Problem description: Skip the pictures. Retype exactly, and only, the lines between the line holding "wild animals and insects. butterfly photos." and the last line below, inclusive.

Supplied entries:
▶

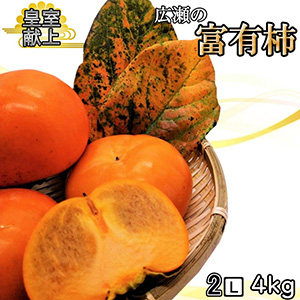 2025ǯȯųβ ͭ 4kg2L 1215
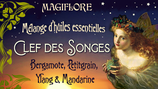 Synergie Clef des Songes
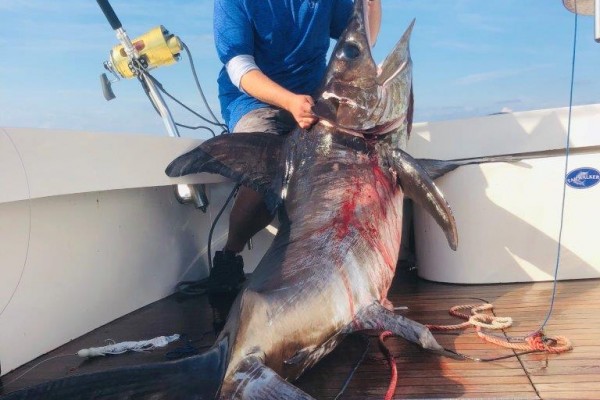 Swordfish fishing charter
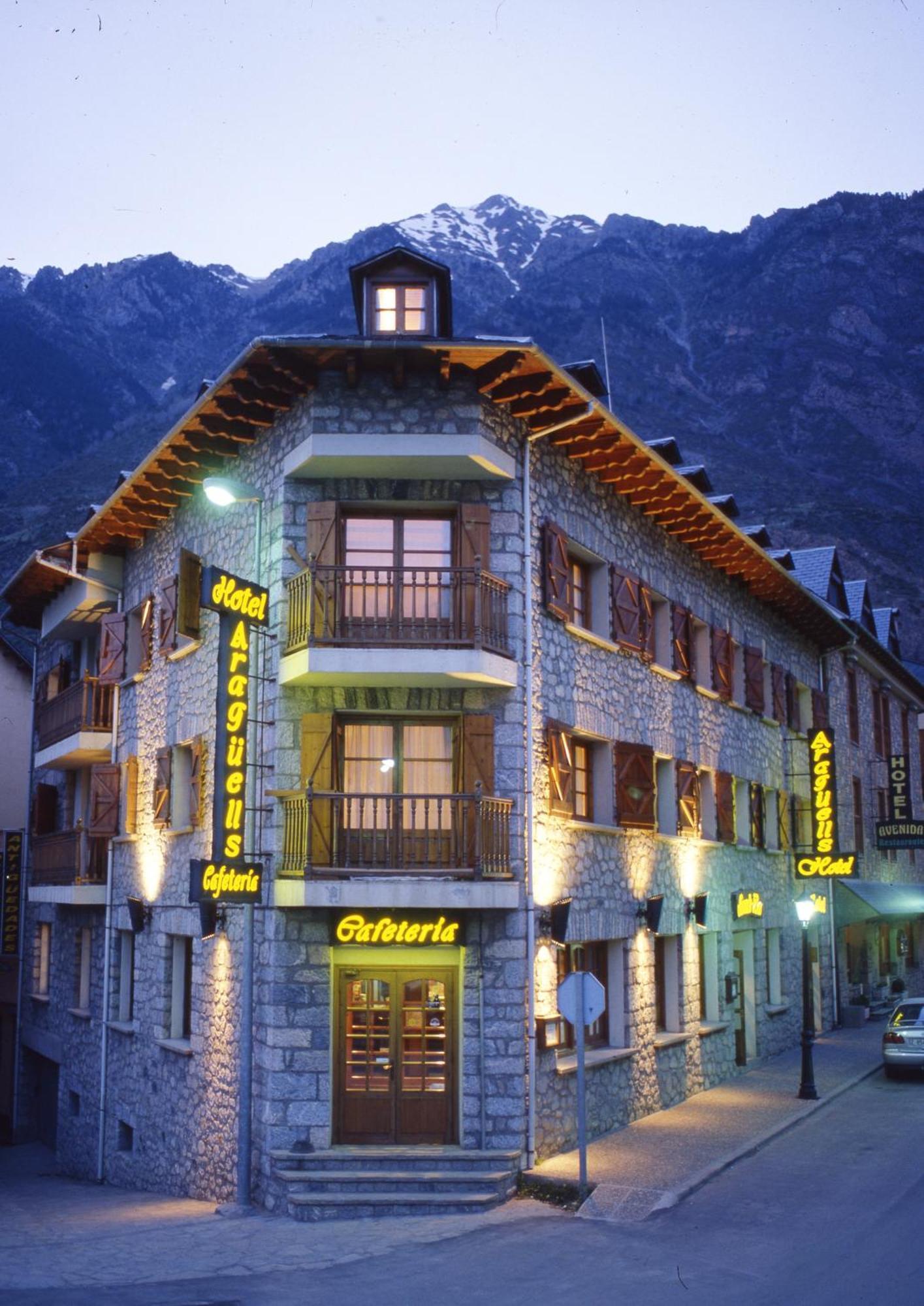 Hotel Aragueells Benasque Esterno foto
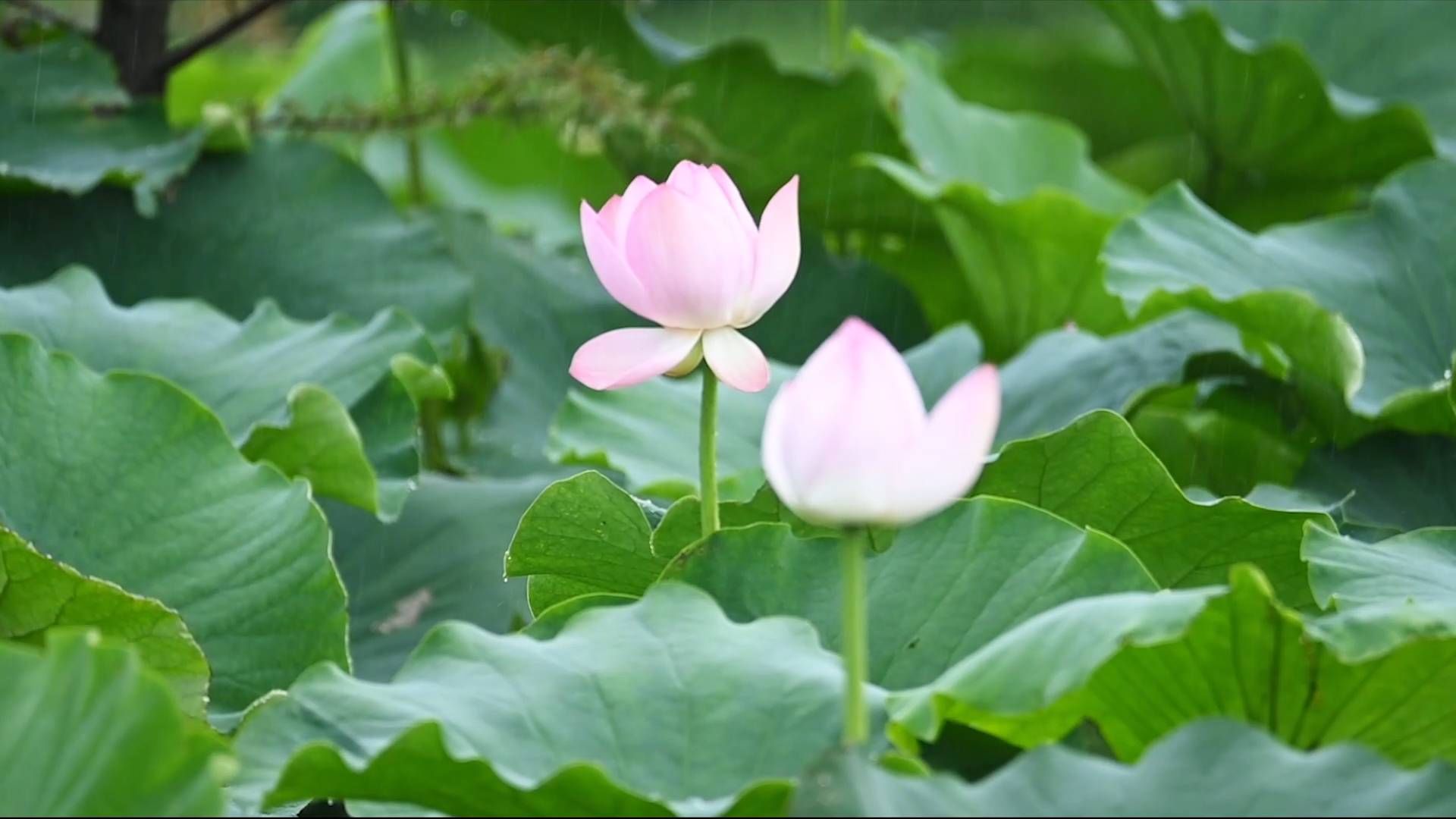 新华社音视频部|走近抚仙湖 感受春夏秋冬之美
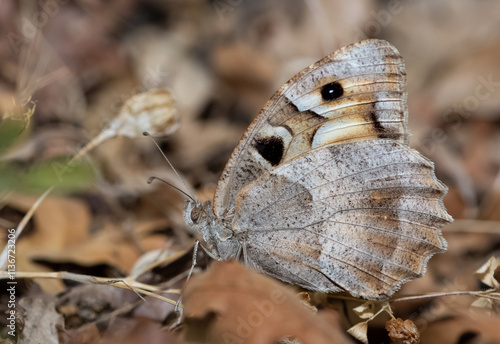 wild animals and insects. butterfly photos.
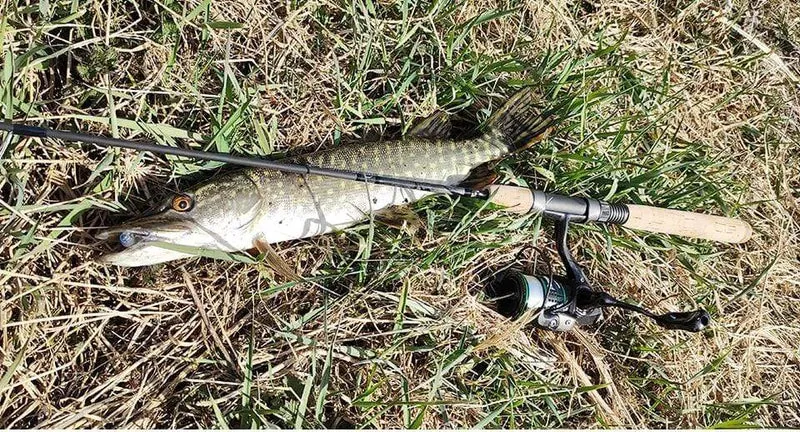 162g Ultraleicht Spinning Angelrolle Kingfisher 800 1000 1500S 1500 Beruf Köder Finesse System Trout Ajing Rad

◀

Expected answer:
 wild animals and insects. butterfly photos.
 162g Ultraleicht Spinning Angelrolle Kingfisher 800 1000 1500S 1500 Beruf Köder Finesse System Trout Ajing Rad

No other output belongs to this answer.